Menanggapi hal itu, pengamat komunikasi politik, Emrus Sihombing mengatakan bahwa sebagai partai modern, seharusnya perbedaan itu bisa diselesaikan secara internal. Emrus menyayangkan bila permasalahan internal itu sampai dibawa ke ranah publik.
“Di situlah ketidakdewasaan partai di Indonesia ini. Saya kira persoalannya sama seperti di Partai Golkar ketika persoalan internal dibawa ke ranah publik,” kata Emrus kepada Kricom, Selasa (16/1/2018).
Emrus menilai seharusnya partai politik mengedepankan kompromi dalam menyelesaikan persoalan.

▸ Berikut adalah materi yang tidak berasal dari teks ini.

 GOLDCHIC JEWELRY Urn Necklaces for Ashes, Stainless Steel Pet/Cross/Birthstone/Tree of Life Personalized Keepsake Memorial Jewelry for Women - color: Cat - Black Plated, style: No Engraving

Sebab, yang terjadi di tubuh Partai Hanura ini sejatinya adalah masalah internal partai.
"Meski kita juga mengakui dalam kompromi politik tidak semua kepentingan bisa terakomodasi," ujar Emrus.
Lebih lanjut, Emrus melihat ada dua faksi yang sangat kuat di internal Partai Hanura, yaitu faksi Wiranto selaku pendiri Partai dan faksi OSO yang kini menjabat Ketua Umum.
Ia melihat transisi kepemimpinan dari Wiranto ke OSO tidak berjalan mulus, artinya banyak kepentingan-kepentingan yang tidak terakomodir.
Selain itu, Emrus menilai terjadinya kisruh di internal Partai Hanura karena OSO bukan figur pemimpin yang mengakar di Hanura. Sebab, OSO tidak menjadi bagian dari Hanura sejak partai ini didirikan pada 2006 lalu.
Apalagi, OSO sendiri baru menjabat sebagai Ketua Umum sejak 2016 lalu ketika Wiranto mendapat perintah untuk menjabat sebagai Menkopolhukam.
"OSO kan duduk di singgasana ketika Hanura sudah established. Jadi dengan kata lain, OSO memimpin setelah Hanura existing dan tidak berjuang dari bawah. Nah, tokoh yang tidak berjuang dari bawah itu biasanya tidak mengakar,” tandasnya.